'''
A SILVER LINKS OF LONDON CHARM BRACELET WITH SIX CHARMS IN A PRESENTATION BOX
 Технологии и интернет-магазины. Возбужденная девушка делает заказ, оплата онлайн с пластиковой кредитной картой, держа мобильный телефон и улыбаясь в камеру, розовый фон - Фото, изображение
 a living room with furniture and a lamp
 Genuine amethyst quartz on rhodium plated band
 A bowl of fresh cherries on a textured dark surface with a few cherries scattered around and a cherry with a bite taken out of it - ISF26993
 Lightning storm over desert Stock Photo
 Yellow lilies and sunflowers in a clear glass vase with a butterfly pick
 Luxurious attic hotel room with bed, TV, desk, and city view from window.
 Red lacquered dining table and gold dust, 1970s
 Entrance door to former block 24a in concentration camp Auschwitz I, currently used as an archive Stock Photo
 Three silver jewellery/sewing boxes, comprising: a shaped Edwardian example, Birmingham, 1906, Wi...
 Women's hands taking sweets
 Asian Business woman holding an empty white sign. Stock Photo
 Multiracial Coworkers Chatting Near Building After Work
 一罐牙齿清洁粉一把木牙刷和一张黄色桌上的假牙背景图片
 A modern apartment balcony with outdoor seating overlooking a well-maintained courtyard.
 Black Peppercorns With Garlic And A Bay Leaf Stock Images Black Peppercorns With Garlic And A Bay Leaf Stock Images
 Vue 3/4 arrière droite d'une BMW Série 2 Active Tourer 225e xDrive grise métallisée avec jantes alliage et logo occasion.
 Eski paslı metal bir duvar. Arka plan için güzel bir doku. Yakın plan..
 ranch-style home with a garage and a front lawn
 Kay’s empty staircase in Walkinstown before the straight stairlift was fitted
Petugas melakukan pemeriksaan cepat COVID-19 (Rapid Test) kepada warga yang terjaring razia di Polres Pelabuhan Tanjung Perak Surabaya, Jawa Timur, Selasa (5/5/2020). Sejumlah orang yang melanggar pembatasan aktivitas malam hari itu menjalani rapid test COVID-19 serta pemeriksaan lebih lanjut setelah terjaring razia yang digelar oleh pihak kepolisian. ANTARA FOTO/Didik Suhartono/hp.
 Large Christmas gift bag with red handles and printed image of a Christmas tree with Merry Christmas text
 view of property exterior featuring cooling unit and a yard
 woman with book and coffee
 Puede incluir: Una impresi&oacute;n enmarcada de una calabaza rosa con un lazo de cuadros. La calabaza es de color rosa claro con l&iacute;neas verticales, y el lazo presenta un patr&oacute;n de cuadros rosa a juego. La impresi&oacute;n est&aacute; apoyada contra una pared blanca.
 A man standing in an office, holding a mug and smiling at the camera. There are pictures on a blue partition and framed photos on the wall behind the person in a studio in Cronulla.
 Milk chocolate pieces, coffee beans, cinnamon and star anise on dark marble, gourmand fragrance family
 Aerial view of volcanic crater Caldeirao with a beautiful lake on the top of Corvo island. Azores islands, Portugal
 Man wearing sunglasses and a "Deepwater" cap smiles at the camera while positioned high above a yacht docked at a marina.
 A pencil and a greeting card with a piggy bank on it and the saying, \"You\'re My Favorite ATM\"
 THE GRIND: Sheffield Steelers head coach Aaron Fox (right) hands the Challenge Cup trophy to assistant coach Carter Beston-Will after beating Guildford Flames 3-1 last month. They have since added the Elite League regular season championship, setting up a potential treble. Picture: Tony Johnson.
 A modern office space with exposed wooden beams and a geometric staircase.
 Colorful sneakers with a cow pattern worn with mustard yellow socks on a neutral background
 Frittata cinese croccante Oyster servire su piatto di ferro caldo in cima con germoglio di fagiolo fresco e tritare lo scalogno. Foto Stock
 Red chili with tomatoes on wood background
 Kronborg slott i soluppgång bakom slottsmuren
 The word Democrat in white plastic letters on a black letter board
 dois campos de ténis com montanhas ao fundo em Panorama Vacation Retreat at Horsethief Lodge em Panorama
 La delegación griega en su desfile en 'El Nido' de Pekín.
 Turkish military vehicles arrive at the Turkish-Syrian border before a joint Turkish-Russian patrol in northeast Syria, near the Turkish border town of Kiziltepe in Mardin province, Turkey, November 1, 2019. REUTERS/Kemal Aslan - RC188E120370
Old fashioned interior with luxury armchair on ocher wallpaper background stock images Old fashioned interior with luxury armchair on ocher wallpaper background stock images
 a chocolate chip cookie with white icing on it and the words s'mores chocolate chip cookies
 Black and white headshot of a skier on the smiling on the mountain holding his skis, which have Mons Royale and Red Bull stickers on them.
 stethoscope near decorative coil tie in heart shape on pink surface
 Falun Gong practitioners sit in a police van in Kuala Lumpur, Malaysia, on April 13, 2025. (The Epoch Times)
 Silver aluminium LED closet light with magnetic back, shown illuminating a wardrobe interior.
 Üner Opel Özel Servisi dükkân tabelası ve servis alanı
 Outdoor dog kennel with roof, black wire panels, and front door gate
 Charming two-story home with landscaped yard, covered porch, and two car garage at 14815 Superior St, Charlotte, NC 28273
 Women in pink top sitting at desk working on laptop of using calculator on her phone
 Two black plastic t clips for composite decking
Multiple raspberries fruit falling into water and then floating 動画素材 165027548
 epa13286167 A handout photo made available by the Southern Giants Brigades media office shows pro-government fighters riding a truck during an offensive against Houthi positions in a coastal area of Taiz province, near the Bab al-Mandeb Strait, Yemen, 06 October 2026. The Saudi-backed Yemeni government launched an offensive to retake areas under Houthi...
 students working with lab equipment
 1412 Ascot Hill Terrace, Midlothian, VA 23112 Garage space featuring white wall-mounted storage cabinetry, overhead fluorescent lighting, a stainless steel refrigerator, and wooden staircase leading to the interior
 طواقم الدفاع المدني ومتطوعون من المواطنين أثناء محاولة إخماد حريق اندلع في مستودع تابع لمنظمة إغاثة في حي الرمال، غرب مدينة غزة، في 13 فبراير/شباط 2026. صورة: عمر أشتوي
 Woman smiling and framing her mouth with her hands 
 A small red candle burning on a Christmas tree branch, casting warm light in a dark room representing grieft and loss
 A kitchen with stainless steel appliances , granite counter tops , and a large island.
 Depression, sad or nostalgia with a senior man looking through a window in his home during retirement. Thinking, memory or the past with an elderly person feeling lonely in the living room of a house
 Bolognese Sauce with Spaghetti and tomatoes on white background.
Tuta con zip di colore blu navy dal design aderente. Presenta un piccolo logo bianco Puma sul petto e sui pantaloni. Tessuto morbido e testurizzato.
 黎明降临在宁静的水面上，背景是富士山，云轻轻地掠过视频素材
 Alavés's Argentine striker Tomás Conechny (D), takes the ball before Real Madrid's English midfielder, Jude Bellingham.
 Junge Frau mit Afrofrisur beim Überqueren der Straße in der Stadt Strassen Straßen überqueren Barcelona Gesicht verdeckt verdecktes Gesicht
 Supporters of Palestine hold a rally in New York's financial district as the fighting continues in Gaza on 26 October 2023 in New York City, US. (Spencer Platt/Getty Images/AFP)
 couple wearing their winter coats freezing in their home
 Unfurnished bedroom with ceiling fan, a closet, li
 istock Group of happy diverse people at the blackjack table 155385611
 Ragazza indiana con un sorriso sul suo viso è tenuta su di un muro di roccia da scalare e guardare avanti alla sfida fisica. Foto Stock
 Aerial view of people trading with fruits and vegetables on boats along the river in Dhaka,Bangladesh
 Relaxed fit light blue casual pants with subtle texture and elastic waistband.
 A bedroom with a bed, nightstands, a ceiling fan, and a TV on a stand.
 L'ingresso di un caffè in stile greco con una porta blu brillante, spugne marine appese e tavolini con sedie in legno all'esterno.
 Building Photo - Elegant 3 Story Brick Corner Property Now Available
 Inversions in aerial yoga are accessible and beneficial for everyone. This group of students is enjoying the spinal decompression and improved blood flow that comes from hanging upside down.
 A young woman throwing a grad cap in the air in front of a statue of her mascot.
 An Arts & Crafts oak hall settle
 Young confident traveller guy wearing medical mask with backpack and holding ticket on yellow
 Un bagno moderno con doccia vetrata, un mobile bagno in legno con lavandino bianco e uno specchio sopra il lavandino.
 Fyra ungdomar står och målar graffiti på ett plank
'''
[WORK TASK]
Look above for the line with "A kitchen with" and the line with "Young confident traveller". Retype those two lines and every line between them exactly, adding nothing.

[TASK SOLUTION]
 A kitchen with stainless steel appliances , granite counter tops , and a large island.
 Depression, sad or nostalgia with a senior man looking through a window in his home during retirement. Thinking, memory or the past with an elderly person feeling lonely in the living room of a house
 Bolognese Sauce with Spaghetti and tomatoes on white background.
Tuta con zip di colore blu navy dal design aderente. Presenta un piccolo logo bianco Puma sul petto e sui pantaloni. Tessuto morbido e testurizzato.
 黎明降临在宁静的水面上，背景是富士山，云轻轻地掠过视频素材
 Alavés's Argentine striker Tomás Conechny (D), takes the ball before Real Madrid's English midfielder, Jude Bellingham.
 Junge Frau mit Afrofrisur beim Überqueren der Straße in der Stadt Strassen Straßen überqueren Barcelona Gesicht verdeckt verdecktes Gesicht
 Supporters of Palestine hold a rally in New York's financial district as the fighting continues in Gaza on 26 October 2023 in New York City, US. (Spencer Platt/Getty Images/AFP)
 couple wearing their winter coats freezing in their home
 Unfurnished bedroom with ceiling fan, a closet, li
 istock Group of happy diverse people at the blackjack table 155385611
 Ragazza indiana con un sorriso sul suo viso è tenuta su di un muro di roccia da scalare e guardare avanti alla sfida fisica. Foto Stock
 Aerial view of people trading with fruits and vegetables on boats along the river in Dhaka,Bangladesh
 Relaxed fit light blue casual pants with subtle texture and elastic waistband.
 A bedroom with a bed, nightstands, a ceiling fan, and a TV on a stand.
 L'ingresso di un caffè in stile greco con una porta blu brillante, spugne marine appese e tavolini con sedie in legno all'esterno.
 Building Photo - Elegant 3 Story Brick Corner Property Now Available
 Inversions in aerial yoga are accessible and beneficial for everyone. This group of students is enjoying the spinal decompression and improved blood flow that comes from hanging upside down.
 A young woman throwing a grad cap in the air in front of a statue of her mascot.
 An Arts & Crafts oak hall settle
 Young confident traveller guy wearing medical mask with backpack and holding ticket on yellow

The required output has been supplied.